*** Data under study
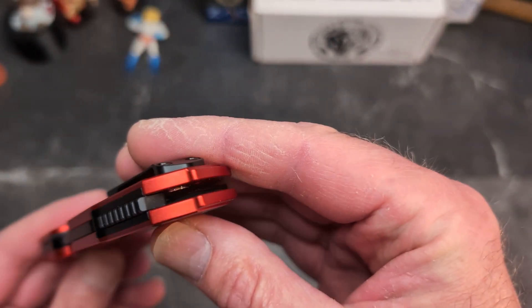I would call this one a little more sheepsfoot — you do have a slight uptick to the blade. It's not really a rounded belly, more of a straight cutting edge. This is a very thick piece of cardboard and you can see it's a fantastic cutter. Good blade shape, plenty of room to go all the way through a cut — no problem there whatsoever.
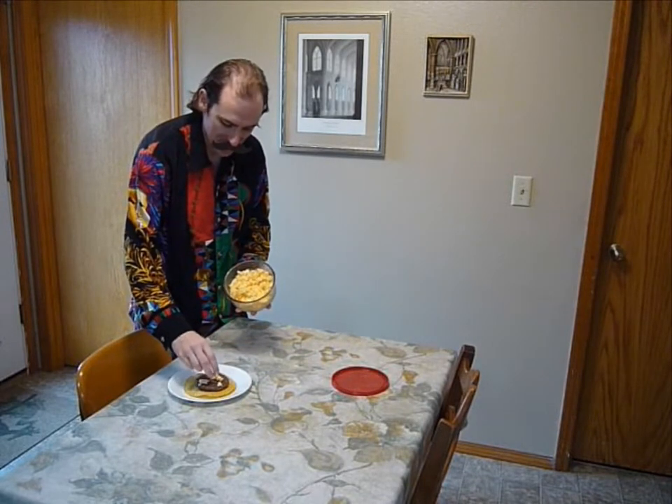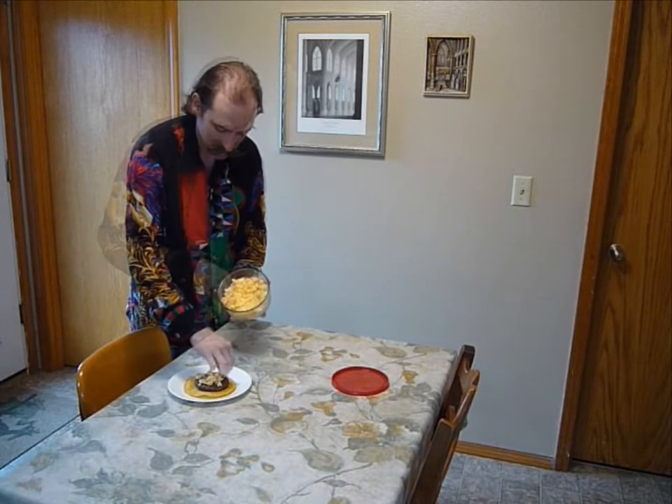Then we add the cheese. I like the special Smoky cheese. It's a family recipe. I made it. It's a good.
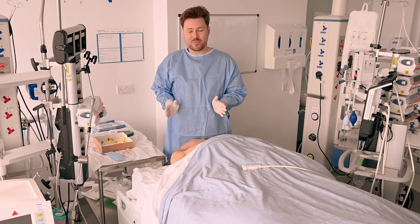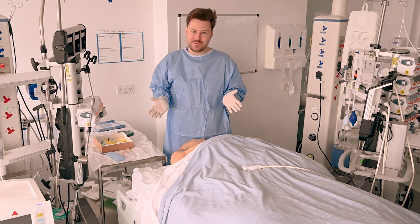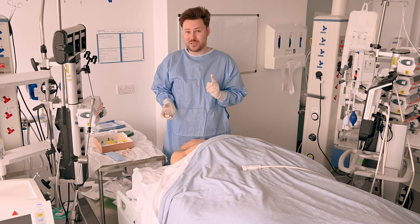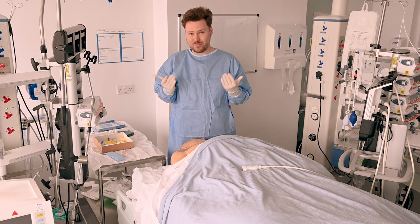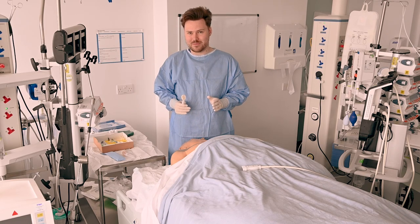For the purposes of this video I'm not going to be wearing a mask and a hat — it just keeps things a little bit easier for filming, but you definitely should. At this point you can imagine that I've already scrubbed, I've got my mask and hat on, and I've completed the first stage of the loxip.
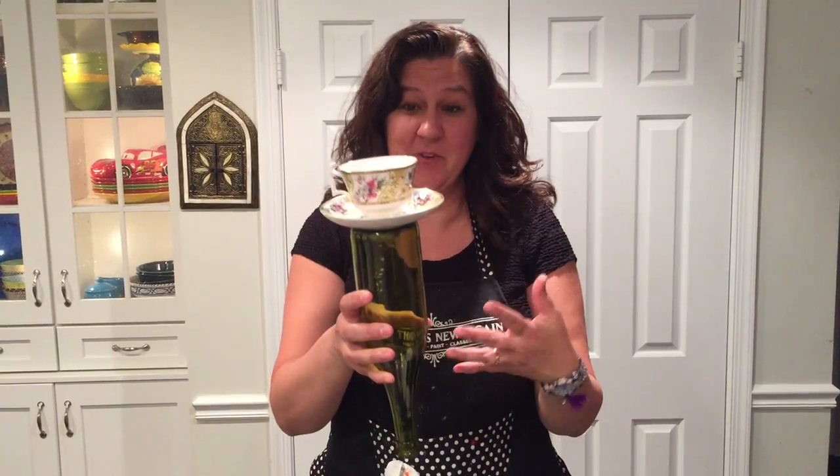Hi everybody, I'm Courtney McAlanes from All Things New Again in Leesburg, Virginia and this is a quick and easy upcycle project. We're going to be making bird feeders today using pretty china that you can find at your local Goodwill store.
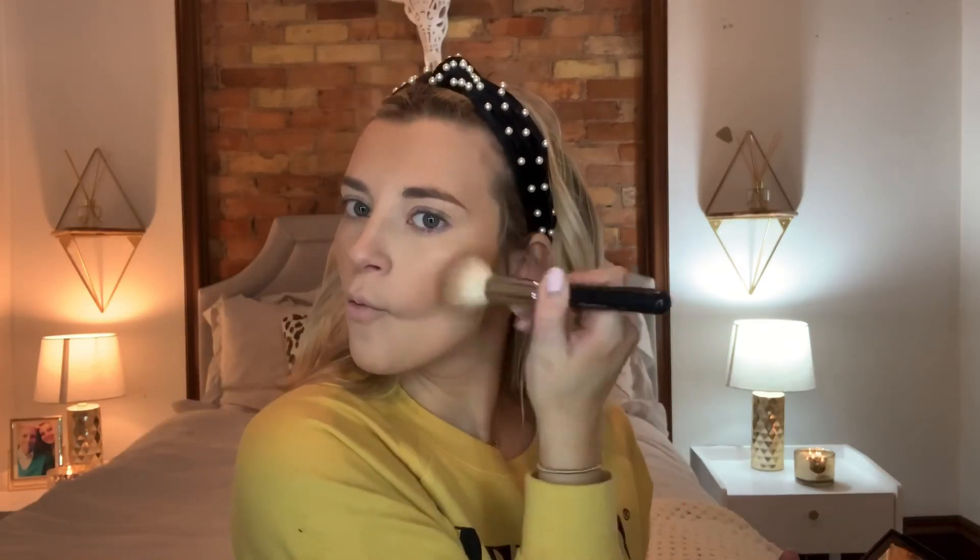Then I'm going back in with the Kat Von D Shade and Light Contour Palette, and I'm using the darker color. I'm using the Morphe M177 brush just to contour my cheeks, and I'm doing it more precisely. I will also bring it up along my forehead and down along my jawline. I will also bring it down my nose a little just to warm it up, and then put it on my eyelids so my eyes look nice and bronzy too.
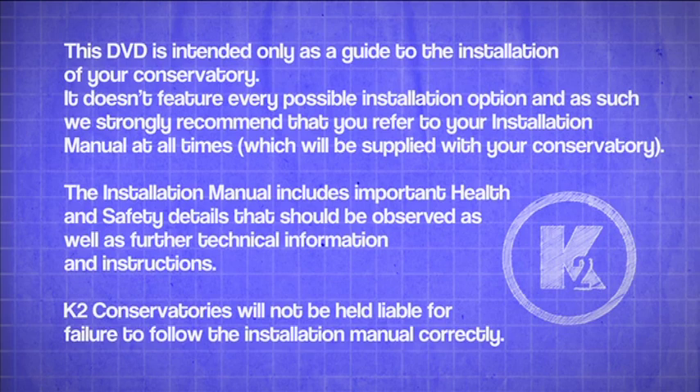The installation manual includes important health and safety details that should be observed, as well as further technical information and instructions. K2 conservatories will not be held liable for failure to follow the instruction manual correctly.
******
*Action item*
Write out the data above in full and exactly, but not the pictures.

*Answer to the exercise*
I would call this one a little more sheepsfoot — you do have a slight uptick to the blade. It's not really a rounded belly, more of a straight cutting edge. This is a very thick piece of cardboard and you can see it's a fantastic cutter. Good blade shape, plenty of room to go all the way through a cut — no problem there whatsoever.
Then we add the cheese. I like the special Smoky cheese. It's a family recipe. I made it. It's a good.
For the purposes of this video I'm not going to be wearing a mask and a hat — it just keeps things a little bit easier for filming, but you definitely should. At this point you can imagine that I've already scrubbed, I've got my mask and hat on, and I've completed the first stage of the loxip.
Hi everybody, I'm Courtney McAlanes from All Things New Again in Leesburg, Virginia and this is a quick and easy upcycle project. We're going to be making bird feeders today using pretty china that you can find at your local Goodwill store.
Then I'm going back in with the Kat Von D Shade and Light Contour Palette, and I'm using the darker color. I'm using the Morphe M177 brush just to contour my cheeks, and I'm doing it more precisely. I will also bring it up along my forehead and down along my jawline. I will also bring it down my nose a little just to warm it up, and then put it on my eyelids so my eyes look nice and bronzy too.
The installation manual includes important health and safety details that should be observed, as well as further technical information and instructions. K2 conservatories will not be held liable for failure to follow the instruction manual correctly.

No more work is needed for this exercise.